All of these inland threats have conspired to weaken the salmon’s former resilience, says Peter Moyle, a fish biologist at the University of California, Davis. Since Chinook are naturally adapted to variable freshwater and saltwater conditions, they have historically thrived even when rivers or streams were temporarily unfavorable—such as during a drought—as long as ocean conditions were not equally poor. Similarly, an undesirable ocean environment rarely coincided with unfavorable waters inland. But now, thanks to human-induced impacts, both salmon habitats are often in bad shape.
“It’s the one-two punch idea,” Moyle says.
As human populations continue to climb in the West, so does the impact on salmon. “Everything humans do, from a salmon perspective, is not good. They compete for the same resources,” says Robert Lackey, a senior fisheries biologist at the U.S. Environmental Protection Agency. “If people want cheap food, one of the costs is salmon.”
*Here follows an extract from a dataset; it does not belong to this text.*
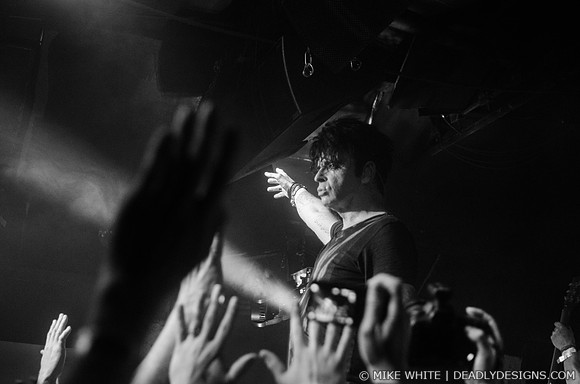 Gary Numan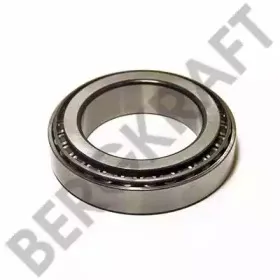 BK7702016 BERGKRAFT Подшипник ступицы колеса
In 2005, the year that NOAA’s Peterson calls “the worst year in the ocean in God knows how long,” a record amount of freshwater was diverted from the Sacramento-San Joaquin River Delta for irrigation and drinking water. Spain, of the fishermen’s federation, believes poor ocean conditions were “the final straw” for salmon that were already stressed by a multitude of other problems.
Spain describes a zigzagging course with an overall downward trend: “Ocean conditions go up and down, but habitat or water availability gradually deteriorate,” he says. The current Chinook situation may be at a low point in that pattern, ready for an upswing. “And over a period of years,” Spain adds, “every time it goes up people tend to say ‘Oh, we solved the problem’ without realizing that ocean conditions will change and then [salmon populations] will go down deeper if we haven’t really solved those problems inland.”
While the multiple and interacting factors are difficult to tease apart, there seems to be agreement that both the ocean and freshwater systems will be found guilty. A governmental panel, of which Bill Peterson is a member, is attempting to narrow down a list of nearly 50 possible reasons for the Sacramento River Chinook collapse. “Since the returns were so, so, so low,” Peterson concedes, “there must be something else going on other than the ocean.” Future generations of salmon, and dormant fishing poles, anxiously await the verdict.